Votre sélection hebdomadaire des textes qui ont attiré l’attention de l’équipe de Nouveau Projet.

Le vrai, le faux

Fiction et réalité se mélangent lorsque certaines personnalités associées à la droite, dont Laure Lavalette (vedette montante du Front national) et le haut fonctionnaire Jean Messiha, commentent les émeutes qui ont actuellement cours en France. En réponse au décès du jeune Nahel, nombre de polémistes se prêtent à des analyses boiteuses, largement inspirées par les œuvres de cinéma qui ont été tournées dans les banlieues françaises.

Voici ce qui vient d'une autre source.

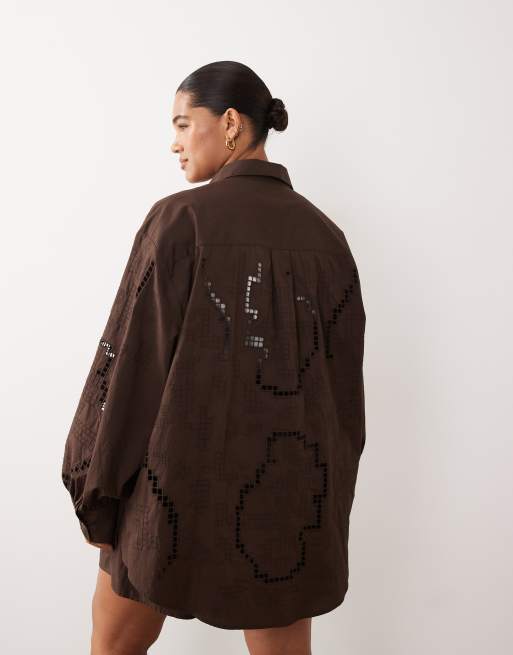ARRANGE Curve – Chokladbrun skjorta i oversize med utskuret broderi, del av set, 4 av 4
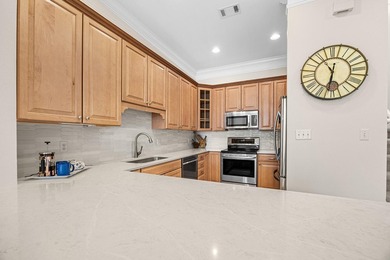 Coastal charm meets modern luxury in this exceptional 4bd, 4ba - photo 8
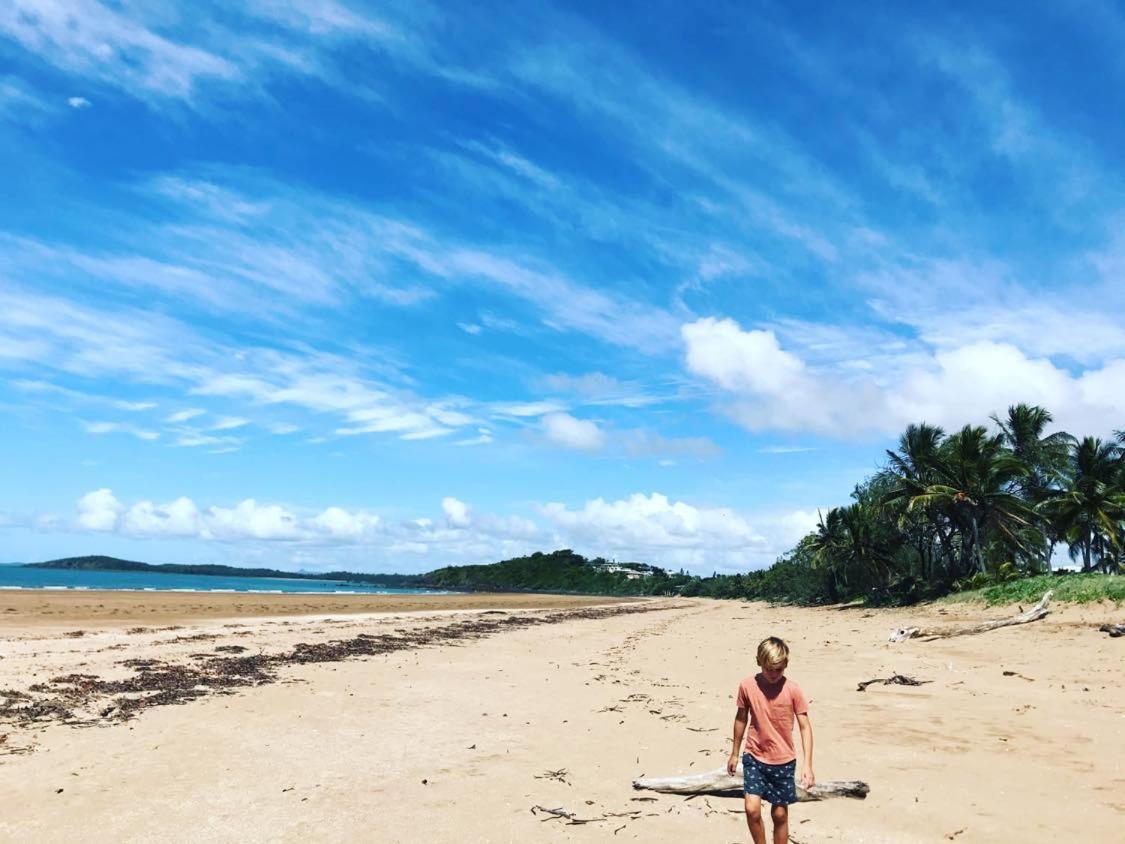 Sarina Beach Motel Grasstree Beach ภายนอก รูปภาพ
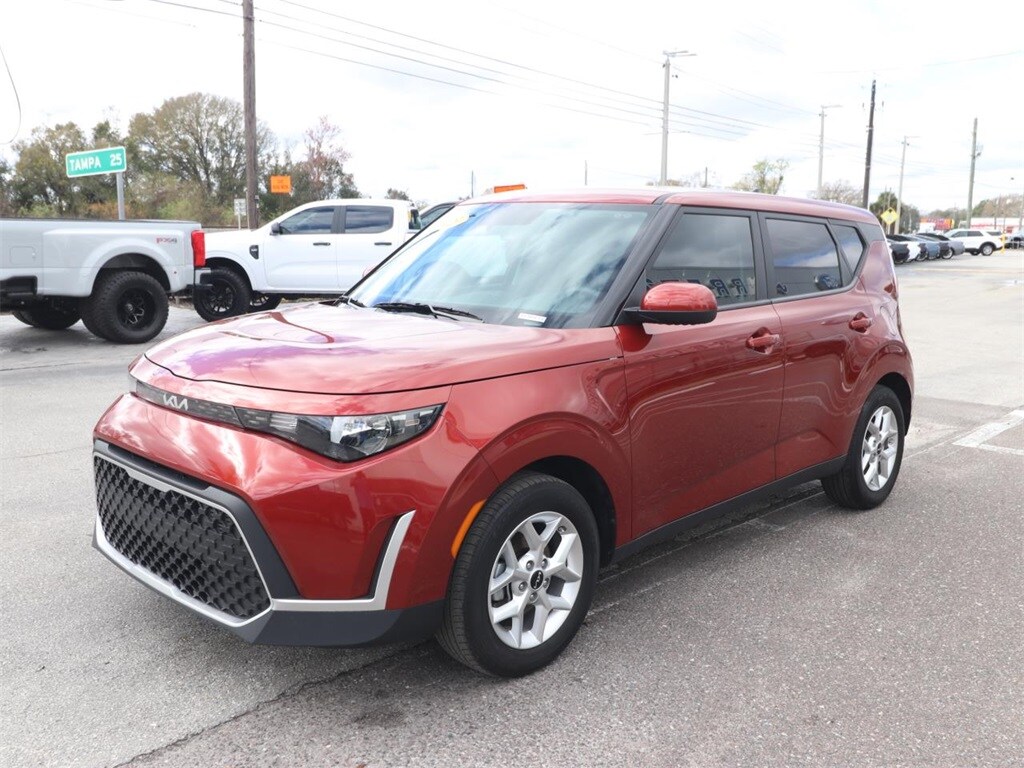 Certified 2025 Kia Soul LX Hatchback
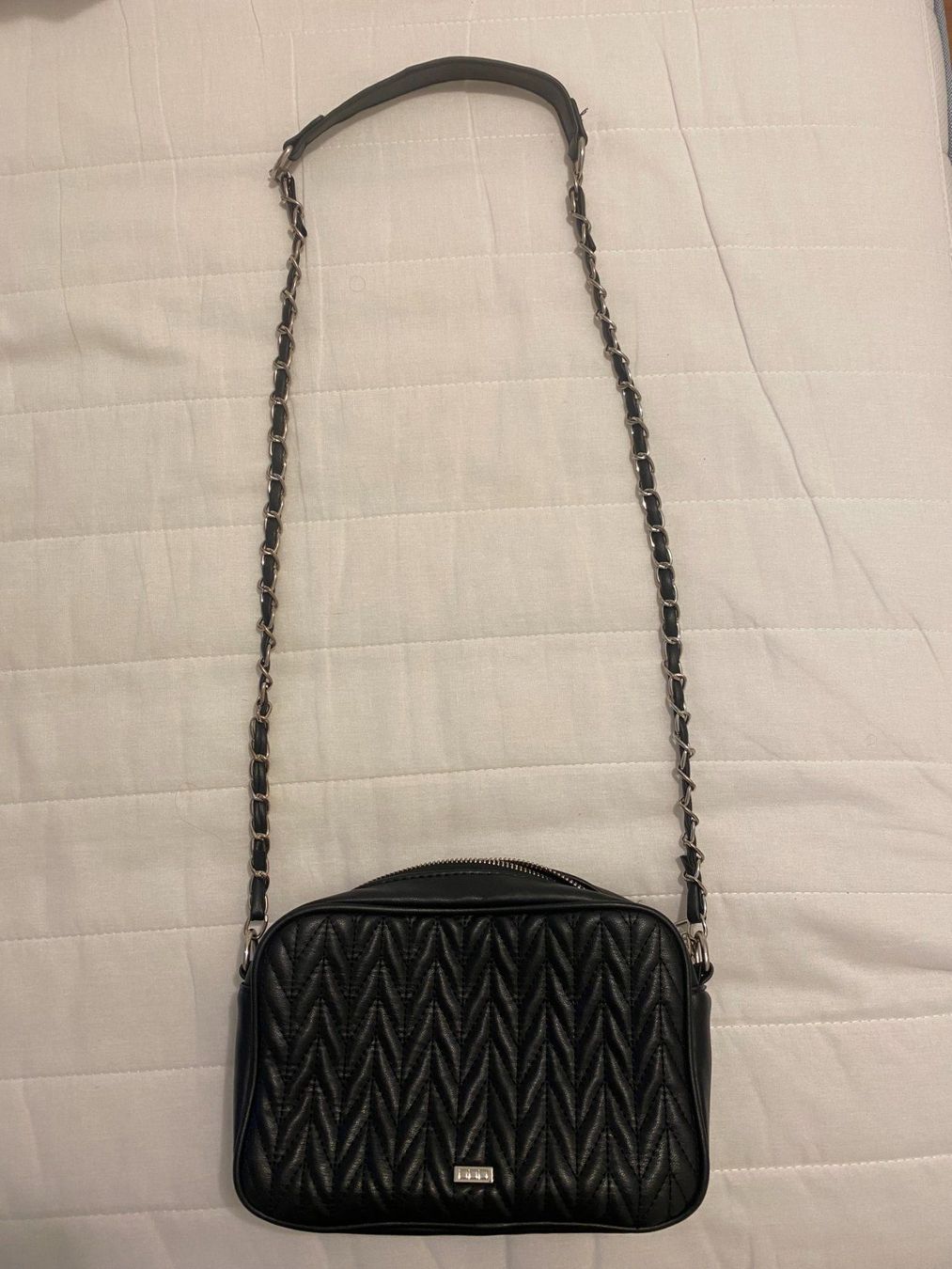 Taschen für Damen: Black quilted chain handbag – Gebraucht aus Olten von ike_z56r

Pourtant, BAC Nord de Cédric Jimenez, Athena de Romain Gavras et Les Misérables de Ladj Ly ne sont pas des documentaires.

À lire sur Les Inrocks


S’habiller avec des nappes

«Artisanal, grand-papa chic, de la ferme à la table.» C’est avec ces mots que la designer Emily Adam Bode Aujla décrit Bode, sa marque de prêt-à-porter devenue archipopulaire chez les starlettes masculines de New York. Rideaux, nappes, mitaines à four, draps… La couturière est passée maitre dans l’art de récupérer avec style, et de faire porter de la dentelle ou du crochet aux jeunes hommes dans la vingtaine. Mais qu’est-ce qui explique l’immense succès de ces vêtements pour le moins originaux et vendus à un prix fou?

À lire sur The Cut (en anglais)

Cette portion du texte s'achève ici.